Canalone nel Parco e Ponticello su via di Centocelle… ormai è una barzelletta

Malamente raccontata dal Municipio V
Alessandro Moriconi - 23 Febbraio 2020

Dopo la Commissione Capitolina congiunta Cultura e Ambiente tenutas il 17 febbraio 2020 e terminata per mancanza del numero legale e senza aver dato la possibilità hai rottamatori presenti anche con l’Avv. Elena Di Donato, di poter contestare la visione di parte fatta dal Dirigente Dott.ssa Laura D’Aprile, in materia di delocalizzazione delle imprese di rottamazione e dell’inquinamento del sottosuolo dell’intera area del Parco, ci siamo recati sul posto, tra i rifiuti lasciati dall’ultimo sgombero di un nucleo di baracche.

Lo abbiamo fatto proprio per sentire  “l’altra campana“.

Inutile dire che non un kg di quei rifiuti è stato rimosso e altrettanti potrebbero essere sotto degli strani cumuli di terreno, presenti qua e là nell’area interessata dai lavori del 2° lotto e finanziati con 2,8 milioni di euro.

I quali comprenderebbero oltre alla musealizzazione, anche il parcheggio e i servizi per quanti verranno a visitare l’importante e sospirato sito Archeologico, a cui si accederà, fintanto che non ci sarà la delocalizzazione delle imprese di rottamazione, passando proprio tra di esse.

Non ci siamo limitati alla sola intervista tra i rifiuti all’Avv. Di Donato di cui pubblicheremo il video integrale.

Infatti siamo andati a verificare la zona del Canalone e su cui ci sono impegni e promesse  mancate di bonifica che risalgono ormai alla famigerata Ordinanza Raggi del 10 febbraio 2017 con l’amministrazione si dava anche il tempo per la bonifica: un mese.

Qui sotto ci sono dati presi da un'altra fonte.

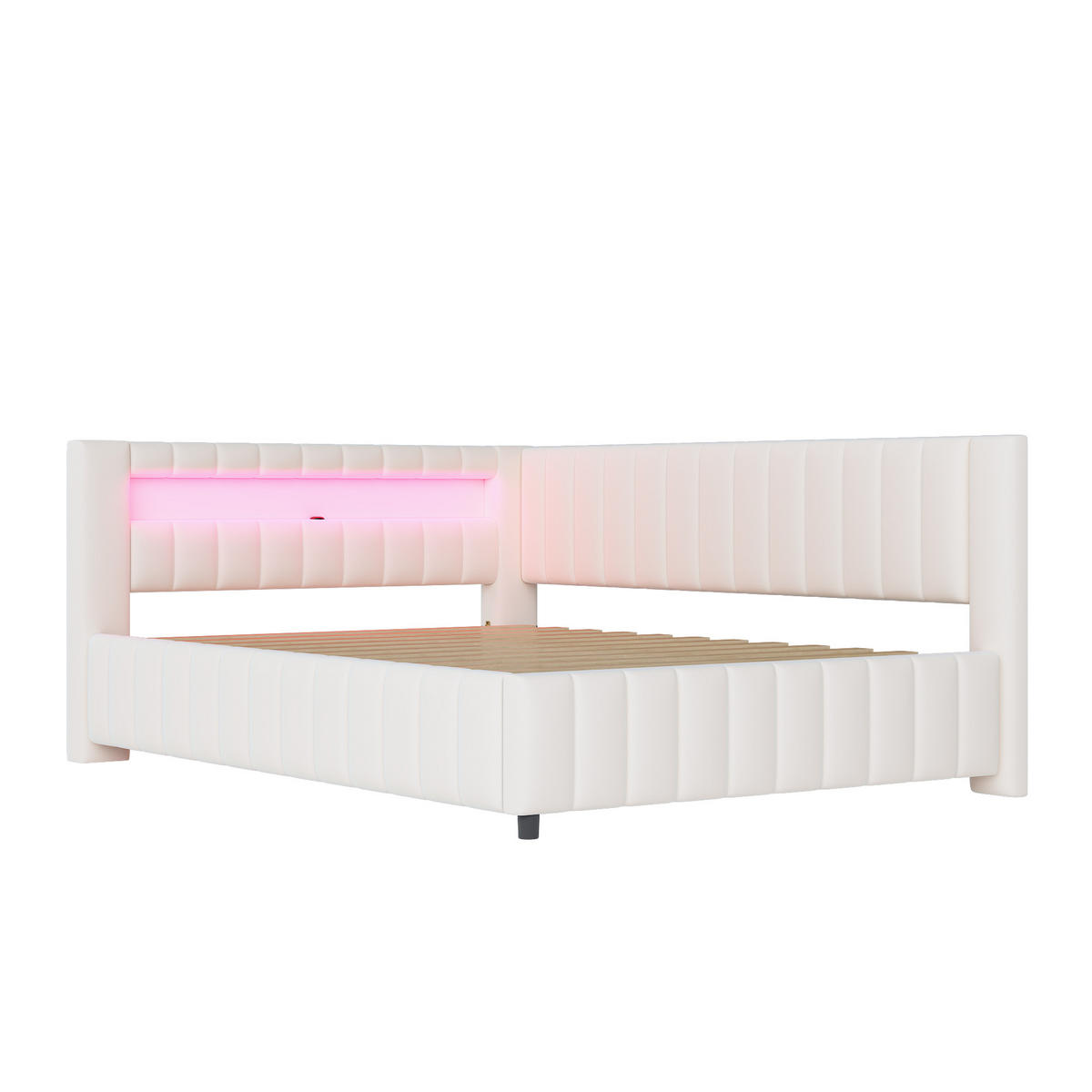 SCHLAFSOFA 140/200 cm in Beige Samt mit LED und USB - Beige, Holzwerkstoff/Textil (140/200cm) - WISHDOR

Scendendo nel canalone la prima cosa che è apparsa ai nostri occhi è stata la mancanza assoluta di vigilanza dell’area, tant’è che alcuni senza fissa dimora stanno cercando e in tutta tranquillità, di ricostruirsi alloggi di fortuna … Ma non basta ci sono anche resti di slot-machine e un bel pacco di fogli di ‘salutare’ Eternit.

Ma è la struttura del “Ponticello“ ad allarmarci ancora di più. Infatti è stato urtato con molta probabilità da un mezzo pesante che ha strappato la protezione tubolare che è stata sostituita con il classico nastro bianco e rosso e la rete in plastica arancione.

Ma è un trave su cui poggia la strada ad allarmarci, sembra non più in asse con il resto del ponte e che richiede un urgente sopralluogo e il rilascio di una certificazione che ne garantisca l’utilizzo o ne disponga la chiusura parziale o totale.